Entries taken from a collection
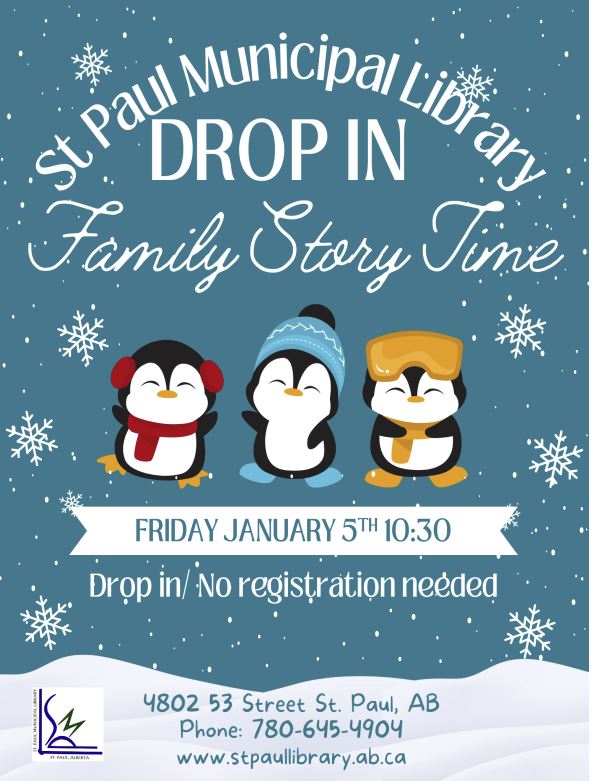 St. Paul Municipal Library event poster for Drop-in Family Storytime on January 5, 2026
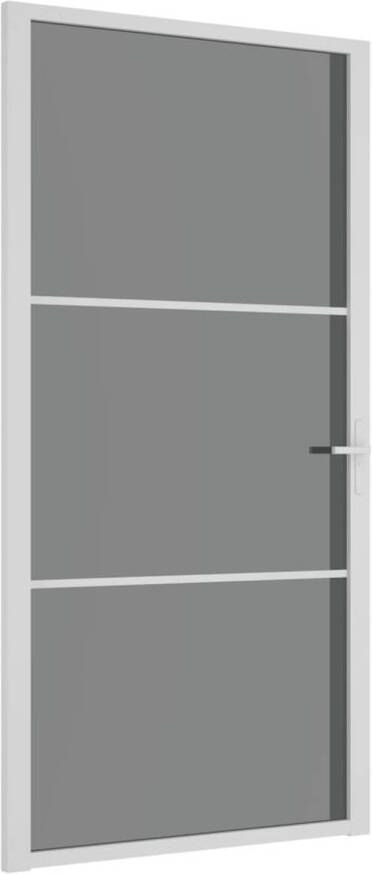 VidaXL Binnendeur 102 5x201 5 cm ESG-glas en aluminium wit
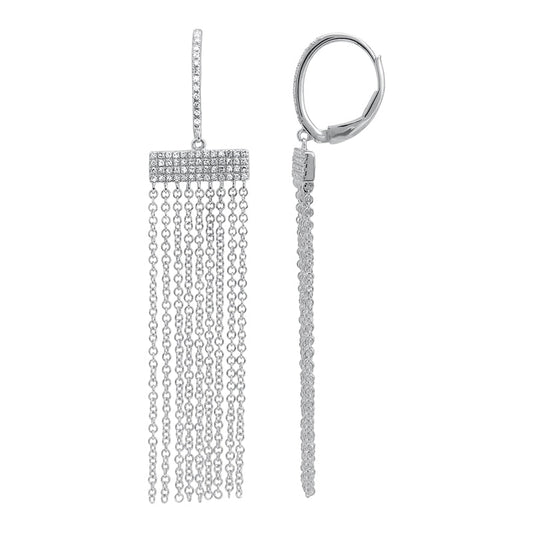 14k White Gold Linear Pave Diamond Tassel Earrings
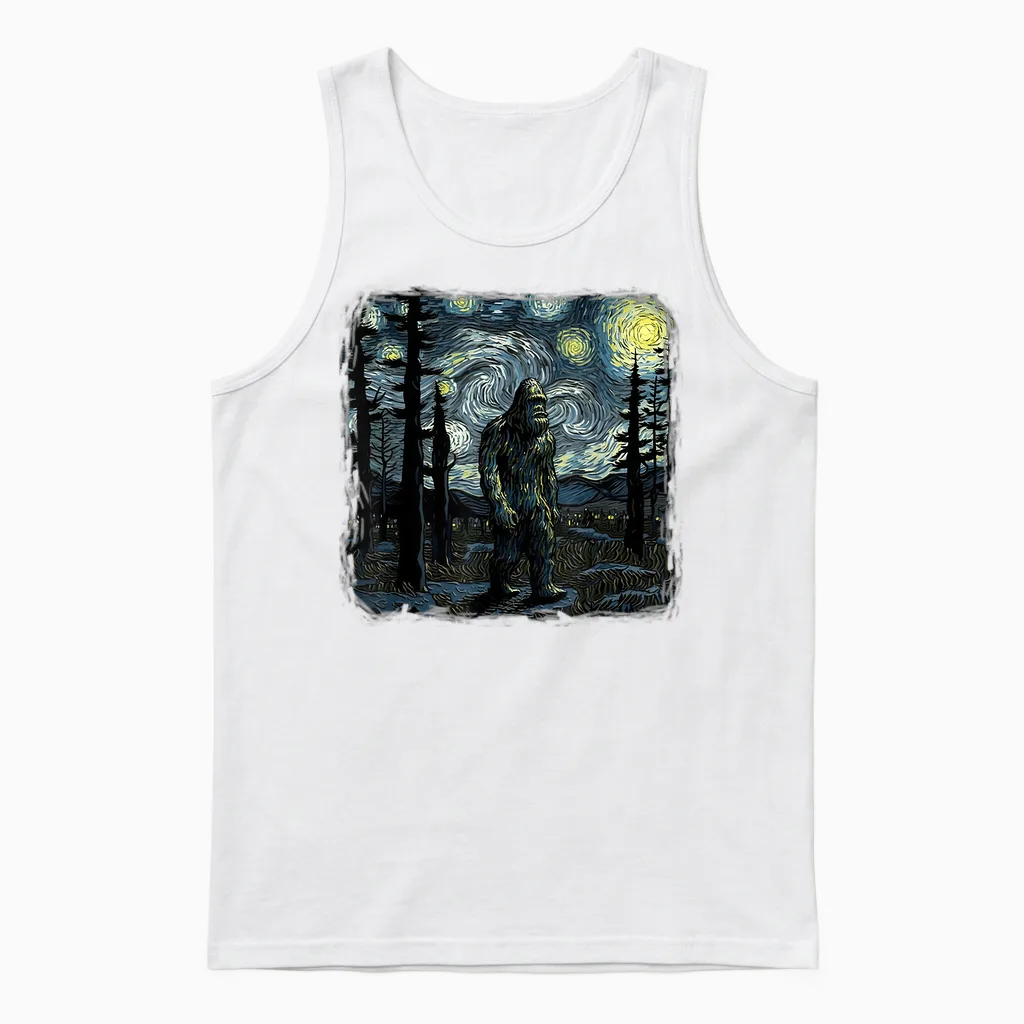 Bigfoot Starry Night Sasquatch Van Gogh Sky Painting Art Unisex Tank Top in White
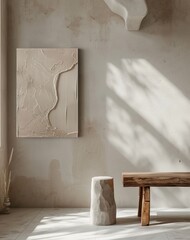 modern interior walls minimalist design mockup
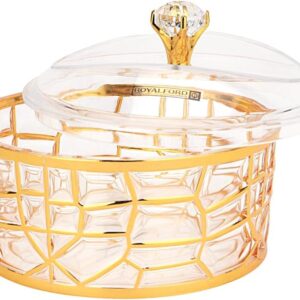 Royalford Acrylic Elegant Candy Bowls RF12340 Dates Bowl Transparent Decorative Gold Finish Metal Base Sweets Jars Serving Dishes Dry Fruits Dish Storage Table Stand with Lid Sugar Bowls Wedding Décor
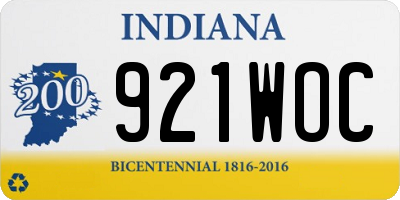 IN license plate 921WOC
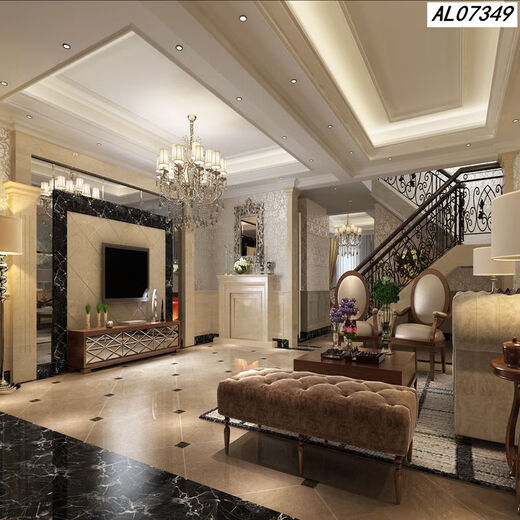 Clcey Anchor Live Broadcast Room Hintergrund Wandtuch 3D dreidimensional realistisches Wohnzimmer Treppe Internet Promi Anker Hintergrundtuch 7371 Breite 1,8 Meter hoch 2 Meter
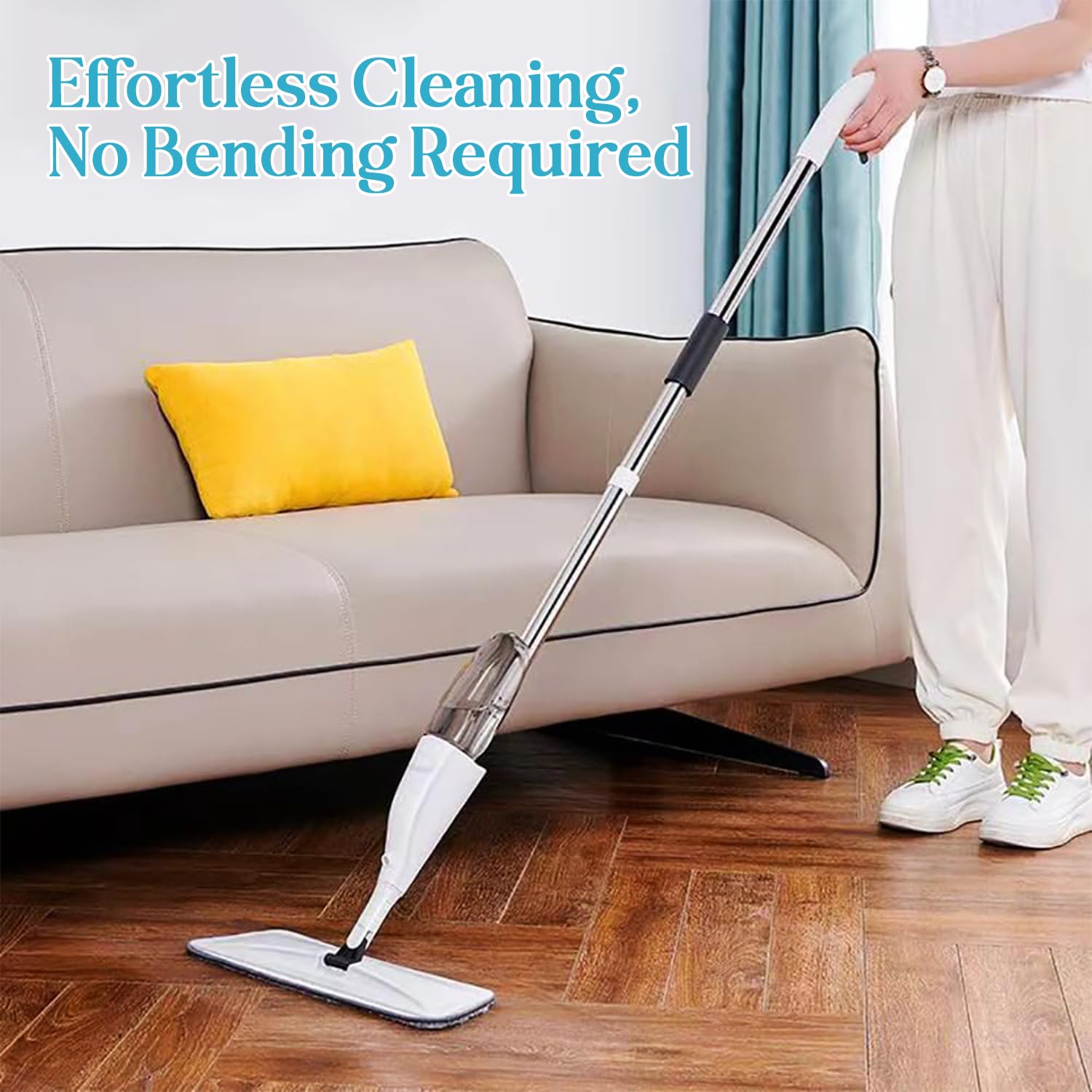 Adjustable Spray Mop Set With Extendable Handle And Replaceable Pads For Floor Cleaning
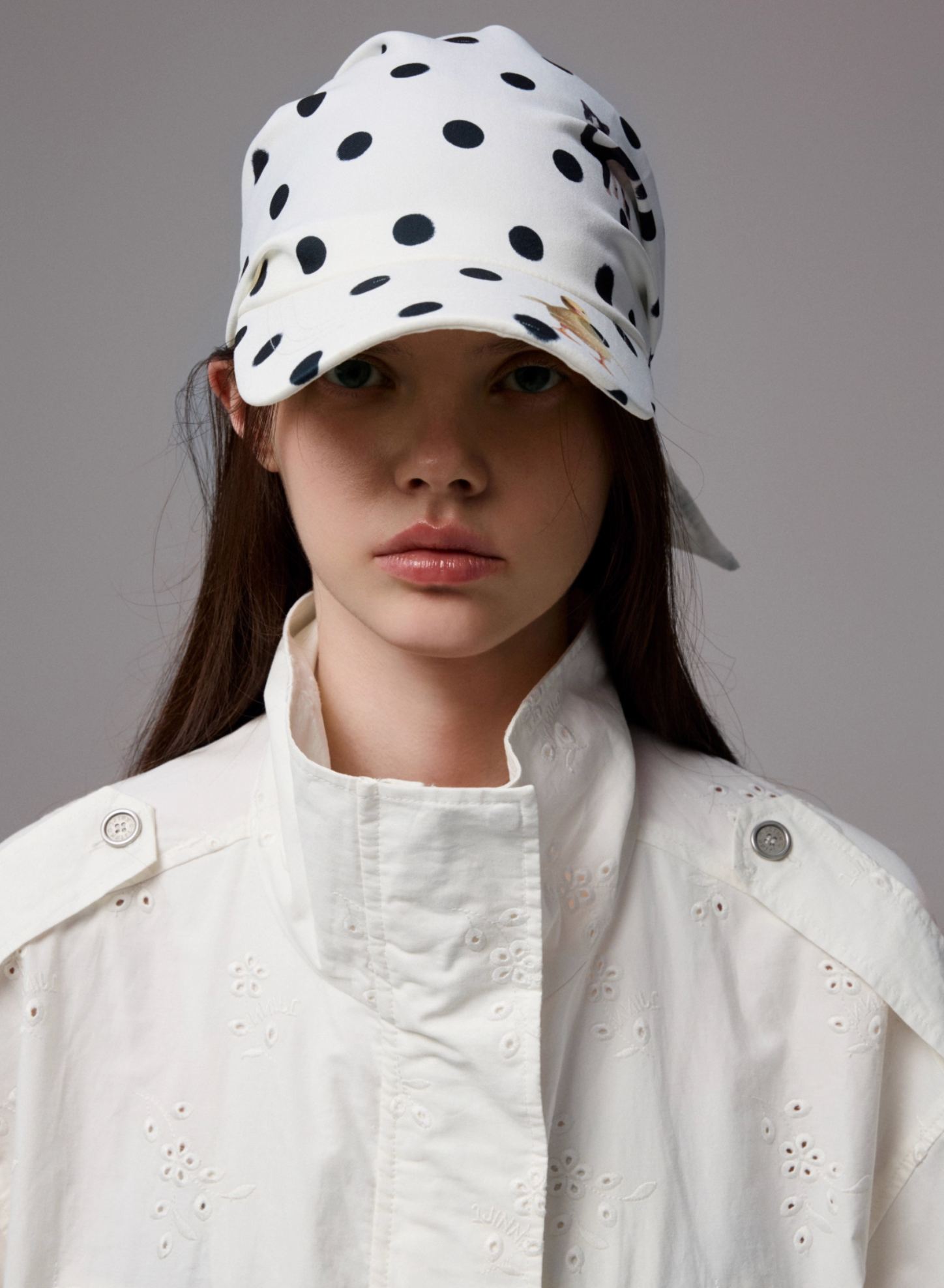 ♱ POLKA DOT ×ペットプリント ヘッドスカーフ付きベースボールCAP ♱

### REQUIREMENT:
Would you return all of the data above word for word, omitting every picture?

### EXERCISE SOLUTION:
 St. Paul Municipal Library event poster for Drop-in Family Storytime on January 5, 2026
 VidaXL Binnendeur 102 5x201 5 cm ESG-glas en aluminium wit
 14k White Gold Linear Pave Diamond Tassel Earrings
 Bigfoot Starry Night Sasquatch Van Gogh Sky Painting Art Unisex Tank Top in White
 modern interior walls minimalist design mockup
 Royalford Acrylic Elegant Candy Bowls RF12340 Dates Bowl Transparent Decorative Gold Finish Metal Base Sweets Jars Serving Dishes Dry Fruits Dish Storage Table Stand with Lid Sugar Bowls Wedding Décor
 IN license plate 921WOC
 Clcey Anchor Live Broadcast Room Hintergrund Wandtuch 3D dreidimensional realistisches Wohnzimmer Treppe Internet Promi Anker Hintergrundtuch 7371 Breite 1,8 Meter hoch 2 Meter
 Adjustable Spray Mop Set With Extendable Handle And Replaceable Pads For Floor Cleaning
 ♱ POLKA DOT ×ペットプリント ヘッドスカーフ付きベースボールCAP ♱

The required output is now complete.